年長者を無条件に敬う社会は終わっている
儒教においては「年長者を敬うべし」というのがその思想における大きな柱となって、これは現代日本人の考え方にも大きな影響を与えています。
年長者サイドにしてみたら「無条件に敬ってもらえる」のでとてもありがたい教えである一方で、若手サイドからは少なからず
「はあ? なんで年上ってだけで敬わなきゃなんねえの?」
という声が聞こえてきそうですが、この教えが成立した当時は年上であることが敬うべき理由になっていたのです。
ほとんどの人が農業に従事していた時代
儒教が成立したかつての中国……というより、20世紀の半ばを過ぎるまで、ほとんどの国ではほとんどの人が農業に従事していました。
農業は基本的に1年単位で物事を考えます。
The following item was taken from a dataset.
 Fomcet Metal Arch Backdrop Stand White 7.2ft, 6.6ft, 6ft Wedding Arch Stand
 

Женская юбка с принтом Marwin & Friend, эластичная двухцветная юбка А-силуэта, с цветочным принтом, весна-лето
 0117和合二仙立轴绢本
収穫は多く見積もっても1年に2回か3回が限度。
なので、たとえば
「田植えの時期にこういう植え方をしたら、稲があまり育たなかった」
「肥料の種類と量をこんな風に変えてみたら、収穫量が増えた」
といったノウハウを蓄積する機会……つまりPDCAサイクルを回して学習する機会は、1年に2、3回しかありませんでした。
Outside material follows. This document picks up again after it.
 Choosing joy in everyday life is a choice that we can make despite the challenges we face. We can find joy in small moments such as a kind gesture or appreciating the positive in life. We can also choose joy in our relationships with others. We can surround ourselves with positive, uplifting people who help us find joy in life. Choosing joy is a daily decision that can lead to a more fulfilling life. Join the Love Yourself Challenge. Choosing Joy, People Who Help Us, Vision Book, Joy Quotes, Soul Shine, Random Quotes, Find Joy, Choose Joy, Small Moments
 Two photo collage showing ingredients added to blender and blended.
そのため、今年から農業を始めた新人が、キャリア20年のベテランに追い付くには20年かけるしかないのですが、20年経つ頃にはベテランは40年選手になっていて、その差が縮まらない。ゆえに
年齢とはすなわち試行錯誤の回数であり
年長者とは経験豊富で能力の高い人と同義であり
経験豊富な人は尊敬の対象となる
という図式が成り立っていたわけです。
ところが現代日本では
農業に従事している人は、日本の場合5%を切っています。
つまり95%以上が工業、商業、サービス業などに従事しているわけですが、これらが農業と違うのは
「自然を相手にしているわけではないので、やり方次第ではPDCAサイクルを高速で回し、学習のスピードを上げることが可能である」
ということ。
ある人は、言われたことをやるだけ。
ある人は、週単位、日単位でトライ&エラーを繰り返している。
そうなれば当然、後者の方が多くのことを学び、成長していくことは想像に難くありません。
さらに産業構造の変化によって
農業は自然の法則を相手にするものなので、原則として「去年やってうまくいったことは、今年もうまくいく」という性質を持っています。
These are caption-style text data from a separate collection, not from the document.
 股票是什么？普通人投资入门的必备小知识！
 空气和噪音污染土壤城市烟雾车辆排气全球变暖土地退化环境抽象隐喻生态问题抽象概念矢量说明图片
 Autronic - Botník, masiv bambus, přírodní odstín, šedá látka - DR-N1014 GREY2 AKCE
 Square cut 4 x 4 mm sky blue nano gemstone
ゆえに、これまでの経験は基本的にこれからも通用した。
一方で工業、商業、サービス業などの産業においては、市場環境はめまぐるしく変化し、新しい技術が次々と生まれ、その結果「これまでどおり」では通用しなくなっています。
つまり、経験豊富であっても成功するとは限らず、場合によっては過去の成功体験が足枷になることもあり得ます。
こうした変化によって
年齢は必ずしも試行錯誤の回数に比例せず
年長者は必ずしも経験豊富ではなく
仮に経験豊富だったとしてもこの先も通用するとは限らず
ゆえに年長者が必ずしも尊敬すべき人物とはならなくなっているのです。
尊敬されうる年長者と、そうでない年長者の違い
ここまで書いた通り、儒教の世界観においては
年長者 = 経験豊富 = 有能
という大前提が共有されていたため、年長者を尊敬すべきであるという教えはすんなり受け入れられるものでした。
一方、日本を含む多くの先進国においては、その等式が通用しなくなっています。
私は個人的に、儒教の教えは大変参考になると思っているのですが
「年長者を敬うべし、年長者に従うべし」
というものだけは
「経験豊富で、その経験をもとに的確な判断を下せる年長者は敬い、その判断に従うべき」
と、解釈を変える必要があると思っています。
そしていずれ年長者になる身としては、若者に「年を取ってるんだから敬え」と強制しない、自然と「あの人はすごい」と思われるだけの力量を身に着ける、あたりを意識して歳を重ねていきたいと思います。